» **How to complete this task**
Output exactly the lines between the one holding "Vigoleno - maxi" and the last line of the data below, both of those lines included.

» **Given data**
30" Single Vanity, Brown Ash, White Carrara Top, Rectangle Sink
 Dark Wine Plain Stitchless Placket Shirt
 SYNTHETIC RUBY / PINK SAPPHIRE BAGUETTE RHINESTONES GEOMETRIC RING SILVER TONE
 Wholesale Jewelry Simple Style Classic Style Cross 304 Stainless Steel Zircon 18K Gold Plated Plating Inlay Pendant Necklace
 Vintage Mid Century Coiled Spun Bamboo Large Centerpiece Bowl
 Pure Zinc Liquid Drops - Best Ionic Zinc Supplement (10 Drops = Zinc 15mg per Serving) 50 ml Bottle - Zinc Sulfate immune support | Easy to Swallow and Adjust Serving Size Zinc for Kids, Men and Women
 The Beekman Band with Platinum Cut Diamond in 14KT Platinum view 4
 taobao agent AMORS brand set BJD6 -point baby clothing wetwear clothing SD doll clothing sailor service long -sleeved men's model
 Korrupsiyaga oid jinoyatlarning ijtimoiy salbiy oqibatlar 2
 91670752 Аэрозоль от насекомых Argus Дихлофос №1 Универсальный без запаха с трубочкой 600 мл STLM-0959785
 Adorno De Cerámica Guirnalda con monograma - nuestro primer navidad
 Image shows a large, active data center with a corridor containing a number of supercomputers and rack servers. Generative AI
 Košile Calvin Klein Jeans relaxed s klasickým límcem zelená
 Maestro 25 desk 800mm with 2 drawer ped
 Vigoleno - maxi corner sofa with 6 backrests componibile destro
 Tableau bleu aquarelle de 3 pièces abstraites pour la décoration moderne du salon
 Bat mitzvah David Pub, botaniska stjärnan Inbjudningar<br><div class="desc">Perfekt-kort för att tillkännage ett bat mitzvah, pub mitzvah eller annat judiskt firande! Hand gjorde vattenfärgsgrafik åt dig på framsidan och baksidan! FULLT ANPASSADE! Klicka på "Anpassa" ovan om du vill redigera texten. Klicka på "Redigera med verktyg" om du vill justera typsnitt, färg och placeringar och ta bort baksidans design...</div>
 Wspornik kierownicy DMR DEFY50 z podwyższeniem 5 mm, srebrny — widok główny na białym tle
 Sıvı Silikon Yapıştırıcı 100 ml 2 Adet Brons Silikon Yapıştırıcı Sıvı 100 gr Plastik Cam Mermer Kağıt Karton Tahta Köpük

» **Exercise response**
 Vigoleno - maxi corner sofa with 6 backrests componibile destro
 Tableau bleu aquarelle de 3 pièces abstraites pour la décoration moderne du salon
 Bat mitzvah David Pub, botaniska stjärnan Inbjudningar<br><div class="desc">Perfekt-kort för att tillkännage ett bat mitzvah, pub mitzvah eller annat judiskt firande! Hand gjorde vattenfärgsgrafik åt dig på framsidan och baksidan! FULLT ANPASSADE! Klicka på "Anpassa" ovan om du vill redigera texten. Klicka på "Redigera med verktyg" om du vill justera typsnitt, färg och placeringar och ta bort baksidans design...</div>
 Wspornik kierownicy DMR DEFY50 z podwyższeniem 5 mm, srebrny — widok główny na białym tle
 Sıvı Silikon Yapıştırıcı 100 ml 2 Adet Brons Silikon Yapıştırıcı Sıvı 100 gr Plastik Cam Mermer Kağıt Karton Tahta Köpük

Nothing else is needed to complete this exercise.